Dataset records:

_ _ _ _ _

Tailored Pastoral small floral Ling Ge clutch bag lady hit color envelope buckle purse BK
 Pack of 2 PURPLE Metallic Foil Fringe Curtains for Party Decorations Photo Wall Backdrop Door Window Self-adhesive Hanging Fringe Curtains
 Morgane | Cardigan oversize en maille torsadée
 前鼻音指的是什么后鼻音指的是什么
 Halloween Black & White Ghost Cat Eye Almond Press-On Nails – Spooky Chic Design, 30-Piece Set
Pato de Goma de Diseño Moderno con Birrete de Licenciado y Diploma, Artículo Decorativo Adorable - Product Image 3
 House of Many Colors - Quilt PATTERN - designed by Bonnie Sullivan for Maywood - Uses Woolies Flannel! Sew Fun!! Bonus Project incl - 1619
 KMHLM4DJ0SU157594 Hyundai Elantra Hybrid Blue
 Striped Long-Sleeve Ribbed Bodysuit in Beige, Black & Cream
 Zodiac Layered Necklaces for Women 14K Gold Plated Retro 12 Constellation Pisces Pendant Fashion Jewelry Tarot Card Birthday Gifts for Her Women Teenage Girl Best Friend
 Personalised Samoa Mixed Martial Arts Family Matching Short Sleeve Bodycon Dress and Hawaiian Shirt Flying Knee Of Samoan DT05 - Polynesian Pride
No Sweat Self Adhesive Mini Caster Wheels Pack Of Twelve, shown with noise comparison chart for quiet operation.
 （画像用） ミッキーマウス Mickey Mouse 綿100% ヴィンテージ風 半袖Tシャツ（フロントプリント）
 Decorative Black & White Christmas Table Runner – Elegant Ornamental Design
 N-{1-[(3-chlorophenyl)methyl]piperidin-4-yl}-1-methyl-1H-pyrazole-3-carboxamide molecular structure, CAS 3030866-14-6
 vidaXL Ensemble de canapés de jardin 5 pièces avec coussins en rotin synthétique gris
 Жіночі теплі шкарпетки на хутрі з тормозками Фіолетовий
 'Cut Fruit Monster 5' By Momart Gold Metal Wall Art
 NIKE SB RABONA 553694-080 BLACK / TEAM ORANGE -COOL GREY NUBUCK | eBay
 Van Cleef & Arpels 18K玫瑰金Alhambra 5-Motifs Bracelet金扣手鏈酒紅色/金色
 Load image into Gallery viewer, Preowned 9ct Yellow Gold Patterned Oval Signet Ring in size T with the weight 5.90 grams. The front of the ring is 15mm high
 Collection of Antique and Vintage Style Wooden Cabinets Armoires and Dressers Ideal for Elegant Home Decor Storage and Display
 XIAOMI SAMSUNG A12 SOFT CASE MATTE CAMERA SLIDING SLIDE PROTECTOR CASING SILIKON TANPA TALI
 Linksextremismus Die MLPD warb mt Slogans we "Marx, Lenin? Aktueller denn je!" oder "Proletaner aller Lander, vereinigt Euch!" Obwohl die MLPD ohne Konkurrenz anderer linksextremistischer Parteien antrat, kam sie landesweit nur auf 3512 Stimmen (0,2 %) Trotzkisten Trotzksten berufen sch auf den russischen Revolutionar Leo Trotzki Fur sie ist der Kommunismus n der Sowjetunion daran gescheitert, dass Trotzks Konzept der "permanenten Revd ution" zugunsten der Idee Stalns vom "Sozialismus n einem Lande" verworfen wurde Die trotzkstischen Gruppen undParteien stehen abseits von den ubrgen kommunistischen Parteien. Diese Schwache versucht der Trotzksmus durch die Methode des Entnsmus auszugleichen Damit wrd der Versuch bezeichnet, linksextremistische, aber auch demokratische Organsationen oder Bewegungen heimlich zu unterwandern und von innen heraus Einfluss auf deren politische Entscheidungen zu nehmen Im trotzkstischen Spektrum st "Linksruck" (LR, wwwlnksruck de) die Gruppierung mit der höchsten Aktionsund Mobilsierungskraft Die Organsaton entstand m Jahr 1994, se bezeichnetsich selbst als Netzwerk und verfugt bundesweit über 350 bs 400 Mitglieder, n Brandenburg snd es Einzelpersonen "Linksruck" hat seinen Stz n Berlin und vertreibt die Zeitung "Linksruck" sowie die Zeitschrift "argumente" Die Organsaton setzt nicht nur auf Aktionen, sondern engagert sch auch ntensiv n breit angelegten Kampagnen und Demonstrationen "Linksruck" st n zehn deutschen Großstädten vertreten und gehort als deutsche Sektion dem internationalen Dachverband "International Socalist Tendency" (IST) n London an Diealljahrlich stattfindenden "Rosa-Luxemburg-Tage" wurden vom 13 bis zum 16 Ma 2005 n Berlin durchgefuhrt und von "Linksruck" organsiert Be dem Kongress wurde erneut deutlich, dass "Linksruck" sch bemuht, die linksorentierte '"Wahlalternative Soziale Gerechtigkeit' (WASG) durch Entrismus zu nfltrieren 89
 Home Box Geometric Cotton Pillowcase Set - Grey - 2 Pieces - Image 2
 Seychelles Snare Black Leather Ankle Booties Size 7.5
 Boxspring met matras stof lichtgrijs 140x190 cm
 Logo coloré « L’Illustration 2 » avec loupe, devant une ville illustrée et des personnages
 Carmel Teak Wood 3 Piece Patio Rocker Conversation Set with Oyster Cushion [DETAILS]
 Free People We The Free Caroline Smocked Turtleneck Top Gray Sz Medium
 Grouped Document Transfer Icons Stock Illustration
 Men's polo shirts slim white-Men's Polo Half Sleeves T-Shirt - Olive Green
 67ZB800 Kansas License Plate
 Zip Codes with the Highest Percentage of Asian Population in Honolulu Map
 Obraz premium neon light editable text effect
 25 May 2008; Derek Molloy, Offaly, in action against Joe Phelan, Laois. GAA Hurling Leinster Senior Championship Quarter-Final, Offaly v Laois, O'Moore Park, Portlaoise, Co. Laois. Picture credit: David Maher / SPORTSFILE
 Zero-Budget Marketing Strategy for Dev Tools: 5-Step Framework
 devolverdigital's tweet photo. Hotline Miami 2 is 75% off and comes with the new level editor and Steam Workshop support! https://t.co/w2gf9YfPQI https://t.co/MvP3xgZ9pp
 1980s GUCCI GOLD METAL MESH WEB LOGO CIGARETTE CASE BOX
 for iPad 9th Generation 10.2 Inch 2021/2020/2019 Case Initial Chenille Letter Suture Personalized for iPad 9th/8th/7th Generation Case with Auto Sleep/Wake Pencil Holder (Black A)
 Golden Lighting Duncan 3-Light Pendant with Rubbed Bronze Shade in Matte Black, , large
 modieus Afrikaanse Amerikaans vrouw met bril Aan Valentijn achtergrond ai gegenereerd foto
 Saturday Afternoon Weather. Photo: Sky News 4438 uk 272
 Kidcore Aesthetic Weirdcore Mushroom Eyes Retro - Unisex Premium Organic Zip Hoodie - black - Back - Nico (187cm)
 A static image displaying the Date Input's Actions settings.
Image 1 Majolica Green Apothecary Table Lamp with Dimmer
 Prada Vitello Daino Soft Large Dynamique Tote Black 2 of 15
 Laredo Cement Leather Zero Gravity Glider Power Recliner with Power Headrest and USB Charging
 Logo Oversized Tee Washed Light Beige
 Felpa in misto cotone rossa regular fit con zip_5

_ _ _ _ _

> _EXERCISE DETAILS_
Your answer must be the lines above from the one containing "vidaXL Ensemble de" to the one containing "Collection of Antique", both included, restated word for word.

> _SOLUTION_
 vidaXL Ensemble de canapés de jardin 5 pièces avec coussins en rotin synthétique gris
 Жіночі теплі шкарпетки на хутрі з тормозками Фіолетовий
 'Cut Fruit Monster 5' By Momart Gold Metal Wall Art
 NIKE SB RABONA 553694-080 BLACK / TEAM ORANGE -COOL GREY NUBUCK | eBay
 Van Cleef & Arpels 18K玫瑰金Alhambra 5-Motifs Bracelet金扣手鏈酒紅色/金色
 Load image into Gallery viewer, Preowned 9ct Yellow Gold Patterned Oval Signet Ring in size T with the weight 5.90 grams. The front of the ring is 15mm high
 Collection of Antique and Vintage Style Wooden Cabinets Armoires and Dressers Ideal for Elegant Home Decor Storage and Display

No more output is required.